Homilette for Wednesday, July 23, 2008

Wednesday of the Sixteenth Week in Ordinary Time

(Jeremiah 1: 1;4-10)

No personage of the Old Testament reveals more of himself than the prophet Jeremiah. In the reading today we hear how he reluctantly answers the call to speak in God’s name. In the famous autobiographical passages of the Book of Jeremiah he will lament this vocation because it costs him peace of mind. God tells him, for example, that he cannot marry as a sign of the barrenness that the sins of the people have wrought. However, Jeremiah admits that he cannot do otherwise than speak on behalf of the Lord because God’s name burns within his heart.

Like all the prophets Jeremiah’s role is not primarily to predict the future. Rather, for the most part he is points out how the people swerve from the path of righteousness. Their wandering always leads them to idols, be they craven images or illusory values like excessive consumption of material goods. In our time prophets like Mother Teresa have spoken out regarding radical individualism that leads people from solidarity with the suffering to lives of lustful sterility.

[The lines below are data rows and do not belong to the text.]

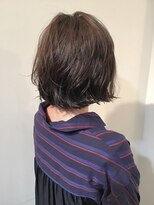 ローバーゴーヨン(Rover 54)&nbsp;切りっぱなしボブのコテスタイル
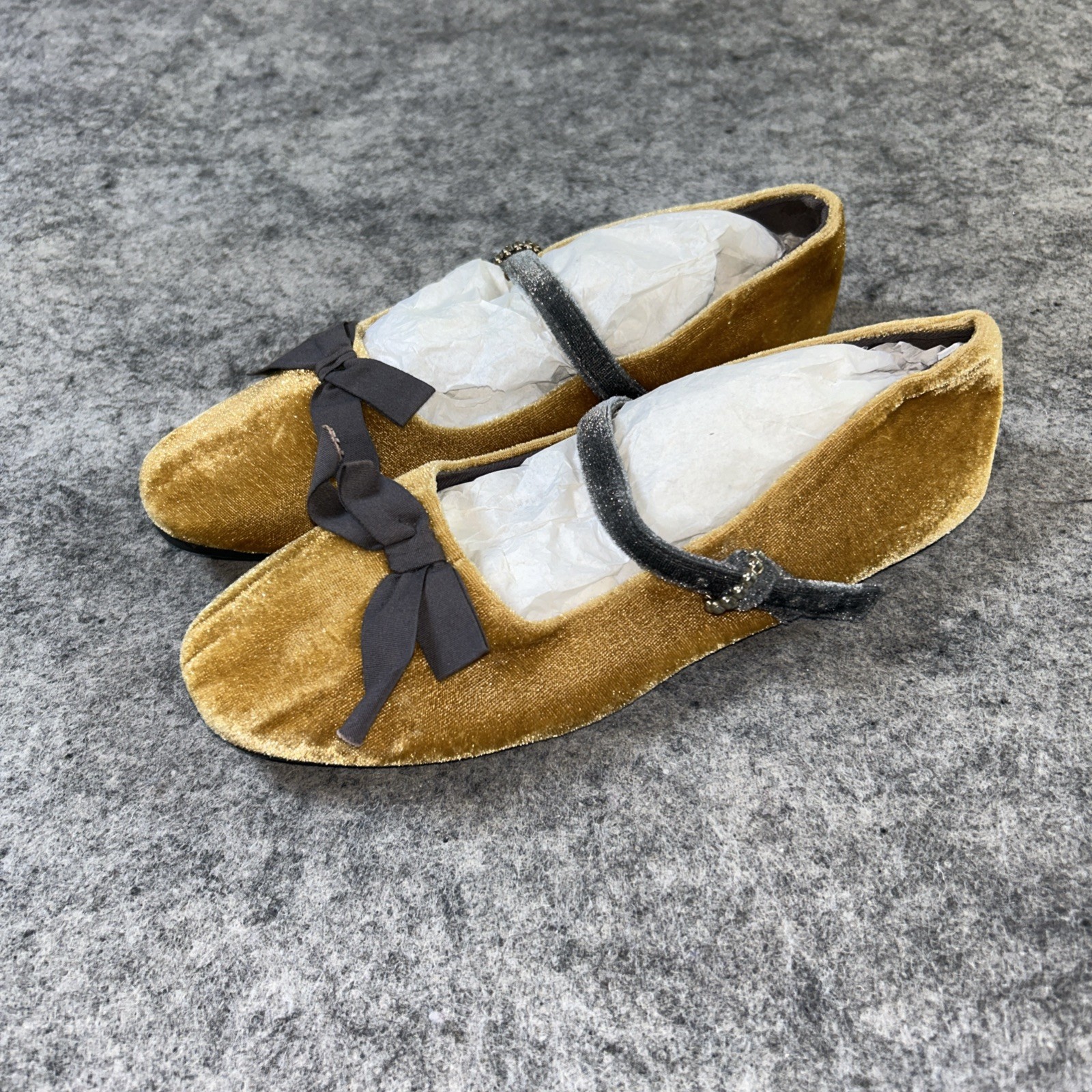 Zara Girl Tan & Gray Velvet Ballet Flat Size EU36 US 4
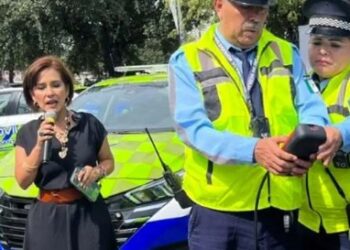 Multa de 5,000 pesos a carros contaminantes en NL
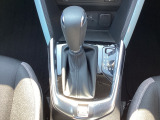 アクセルペダルを踏み込む量や速さに応じて変速パターンをし、人馬一体の運転感覚を発揮してくれる6速オートマ!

Although prophets are famous for indicating the impending wrath of God, they also convey God’s tender love. In a passage of Jeremiah that has been called “the Gospel before the Gospel” the prophet predicts a new covenant which will be written not in stone but on the hearts of the people so that it may be readily obeyed. He says that when this happens, the Lord will be the only God of the people and they will truly be His people. Of course, we see this prophesy fulfilled in Jesus Christ. As Paul tells the Romans, Christ’s death has led to “the love of God (being) been poured into our hearts though the holy Spirit.”